EXERCISE DESCRIPTION:
Filter these entries down to the lines that hold the word "Picture", and show each of them.

Collected data entries:
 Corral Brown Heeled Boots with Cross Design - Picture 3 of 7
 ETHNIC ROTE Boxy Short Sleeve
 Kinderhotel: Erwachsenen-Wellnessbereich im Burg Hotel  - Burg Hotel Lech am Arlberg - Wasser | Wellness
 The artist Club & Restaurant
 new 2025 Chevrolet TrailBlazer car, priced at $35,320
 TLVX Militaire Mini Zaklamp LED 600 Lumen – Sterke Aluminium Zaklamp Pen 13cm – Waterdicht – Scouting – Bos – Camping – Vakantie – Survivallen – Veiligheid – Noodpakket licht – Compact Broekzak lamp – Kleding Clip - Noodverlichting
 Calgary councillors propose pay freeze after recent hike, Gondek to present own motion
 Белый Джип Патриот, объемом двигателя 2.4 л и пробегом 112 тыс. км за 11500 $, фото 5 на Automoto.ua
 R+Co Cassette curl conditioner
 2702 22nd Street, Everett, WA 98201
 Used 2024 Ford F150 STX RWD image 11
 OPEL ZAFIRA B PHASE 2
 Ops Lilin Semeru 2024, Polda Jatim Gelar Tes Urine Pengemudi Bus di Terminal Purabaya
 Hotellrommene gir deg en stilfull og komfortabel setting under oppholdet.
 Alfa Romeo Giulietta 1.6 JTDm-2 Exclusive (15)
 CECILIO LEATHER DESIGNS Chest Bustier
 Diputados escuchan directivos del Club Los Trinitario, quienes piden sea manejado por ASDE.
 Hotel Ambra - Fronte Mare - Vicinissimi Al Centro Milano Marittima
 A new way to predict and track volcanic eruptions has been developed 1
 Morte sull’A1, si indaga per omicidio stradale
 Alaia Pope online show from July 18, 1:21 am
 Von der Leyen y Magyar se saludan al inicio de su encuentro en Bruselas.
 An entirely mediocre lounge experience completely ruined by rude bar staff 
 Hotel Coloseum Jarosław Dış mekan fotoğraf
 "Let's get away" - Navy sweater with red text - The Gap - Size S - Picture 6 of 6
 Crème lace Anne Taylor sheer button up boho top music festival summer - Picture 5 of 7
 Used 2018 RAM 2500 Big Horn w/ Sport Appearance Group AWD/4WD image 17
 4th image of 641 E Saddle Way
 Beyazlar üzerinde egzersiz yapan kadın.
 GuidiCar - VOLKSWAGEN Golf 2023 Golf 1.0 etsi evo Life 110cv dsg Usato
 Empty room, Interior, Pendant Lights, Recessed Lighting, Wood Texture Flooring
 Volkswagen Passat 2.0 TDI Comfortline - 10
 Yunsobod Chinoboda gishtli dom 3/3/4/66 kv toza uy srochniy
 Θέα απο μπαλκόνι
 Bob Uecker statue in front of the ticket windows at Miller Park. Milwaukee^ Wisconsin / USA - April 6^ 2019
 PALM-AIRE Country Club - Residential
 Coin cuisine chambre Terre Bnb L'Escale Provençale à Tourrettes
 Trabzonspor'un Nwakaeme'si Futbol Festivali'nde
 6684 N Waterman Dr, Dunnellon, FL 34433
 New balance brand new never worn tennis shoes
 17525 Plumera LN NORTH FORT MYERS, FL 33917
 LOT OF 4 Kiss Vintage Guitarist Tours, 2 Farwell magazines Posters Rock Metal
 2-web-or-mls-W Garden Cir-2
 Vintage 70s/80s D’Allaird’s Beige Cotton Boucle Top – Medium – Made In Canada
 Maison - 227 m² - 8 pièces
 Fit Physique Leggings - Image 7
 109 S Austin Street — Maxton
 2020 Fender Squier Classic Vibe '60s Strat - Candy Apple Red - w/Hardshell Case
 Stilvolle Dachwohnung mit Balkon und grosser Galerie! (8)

REPLY TO THE EXERCISE:
 Corral Brown Heeled Boots with Cross Design - Picture 3 of 7
 "Let's get away" - Navy sweater with red text - The Gap - Size S - Picture 6 of 6
 Crème lace Anne Taylor sheer button up boho top music festival summer - Picture 5 of 7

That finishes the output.